忘れないうちに、NY観劇レビュー、三本目は中谷美紀主演のHunting Gun(猟銃)です。井上靖の小説、「猟銃」を元にした一人芝居です。これまでも海外や日本で何度か上演されているようです。こちら、友人のSNSの投稿でちょうど私たちがNYに行く時期に上演されていることを知り、ミハイル・バリシニコフと共演ということにも興味をそそられ、チケットを取ってみました。

 

 
小説は一人の男性に宛てた、三人の女性からの手紙で構成されており、中谷美紀さんは一人でこの三人を全て演じます。中谷さんはテレビでしか観たことがなく、演技派なイメージでしたが、やはりすごい女優さんだなと思いました。衣装を変えながら、個性の全く違う三人の女性を見事に演じ分けていました。

 

セリフは小説通り、ということは小説丸まる一つ分、暗記しているということで、それだけでもすごいと思いました。。。セリフは全て日本語で、英語の字幕がスクリーンに表示されるという形式でした。

 

期待していたバリシニコフは踊ることもなく、舞台奥のスクリーン裏で銃を構えて立っているだけ。時々姿勢を変える以外、セリフも全くありません。確かに、彼の存在感はすごいなと思ったのですが、どうしてもぬぐえなかった感想が・・・

 

これ、バリシニコフでなくてもよくない??

 

NYということと、上演がバリシニコフアートセンターということ、アメリカでは無名の日本人女優の一人芝居ということで、注目を集めるためにバリシニコフが出演することになったのだとは思いますが、バリシニコフがどうしても譲介に見えない。。。人種で役を決めるのはこの時代、ナンセンスだとは思うのですが、世界観を表現するためにはある意味、仕方のないことではないのかと思います。例えば、この後で観たライオンキングはほぼアフリカ系の俳優がキャスティングされており、おかげで世界観にどっぷり浸ってみることができました。

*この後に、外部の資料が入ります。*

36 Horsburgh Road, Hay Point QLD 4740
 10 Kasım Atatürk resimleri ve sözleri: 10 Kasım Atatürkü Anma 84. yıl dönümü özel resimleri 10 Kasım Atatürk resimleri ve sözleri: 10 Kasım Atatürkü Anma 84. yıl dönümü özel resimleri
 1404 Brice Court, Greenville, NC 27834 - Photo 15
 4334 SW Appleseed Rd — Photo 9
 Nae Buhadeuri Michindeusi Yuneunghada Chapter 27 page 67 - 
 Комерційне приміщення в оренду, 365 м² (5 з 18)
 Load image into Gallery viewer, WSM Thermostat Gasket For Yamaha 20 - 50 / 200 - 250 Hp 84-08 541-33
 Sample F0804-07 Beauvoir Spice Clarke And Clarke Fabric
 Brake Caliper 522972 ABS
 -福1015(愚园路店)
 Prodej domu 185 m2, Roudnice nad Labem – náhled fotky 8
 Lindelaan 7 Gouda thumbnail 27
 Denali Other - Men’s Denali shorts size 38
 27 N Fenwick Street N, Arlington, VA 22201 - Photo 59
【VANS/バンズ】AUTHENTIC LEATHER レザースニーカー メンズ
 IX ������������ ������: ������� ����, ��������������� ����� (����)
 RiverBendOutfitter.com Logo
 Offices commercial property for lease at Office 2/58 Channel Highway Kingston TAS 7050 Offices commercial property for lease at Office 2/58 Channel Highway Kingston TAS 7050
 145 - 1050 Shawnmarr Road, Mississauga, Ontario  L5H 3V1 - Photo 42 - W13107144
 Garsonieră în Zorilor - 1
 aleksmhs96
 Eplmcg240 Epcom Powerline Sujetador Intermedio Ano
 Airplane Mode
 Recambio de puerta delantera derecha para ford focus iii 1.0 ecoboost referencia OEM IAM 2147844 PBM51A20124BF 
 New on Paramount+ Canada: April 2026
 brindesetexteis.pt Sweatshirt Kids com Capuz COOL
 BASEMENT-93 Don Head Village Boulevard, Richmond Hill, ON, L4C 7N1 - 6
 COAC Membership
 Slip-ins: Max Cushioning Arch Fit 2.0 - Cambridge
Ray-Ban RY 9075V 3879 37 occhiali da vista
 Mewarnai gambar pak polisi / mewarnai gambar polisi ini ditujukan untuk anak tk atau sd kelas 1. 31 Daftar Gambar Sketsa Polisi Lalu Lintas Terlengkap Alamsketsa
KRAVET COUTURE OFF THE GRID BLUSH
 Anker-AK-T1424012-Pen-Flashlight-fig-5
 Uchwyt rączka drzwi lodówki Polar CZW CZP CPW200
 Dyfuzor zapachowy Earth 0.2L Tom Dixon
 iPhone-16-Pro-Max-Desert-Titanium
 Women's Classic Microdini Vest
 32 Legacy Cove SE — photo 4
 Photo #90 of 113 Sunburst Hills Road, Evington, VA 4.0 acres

また、話の内容がかなり日本的な暗い内容なので、海外の人たちに理解してもらえたのだろうか、というのも疑問に思いました。終演後、英語で「日本語が理解できればよかったのに。。。」と言っている声が聞こえました。

 

ごもっとも。。。

 

字幕では伝えられる内容に限りがありますよね。ということで、違和感はぬぐえなかったものの、生の中谷美紀さんは美しく、演技も素晴らしかったので良いものが観られたと思います。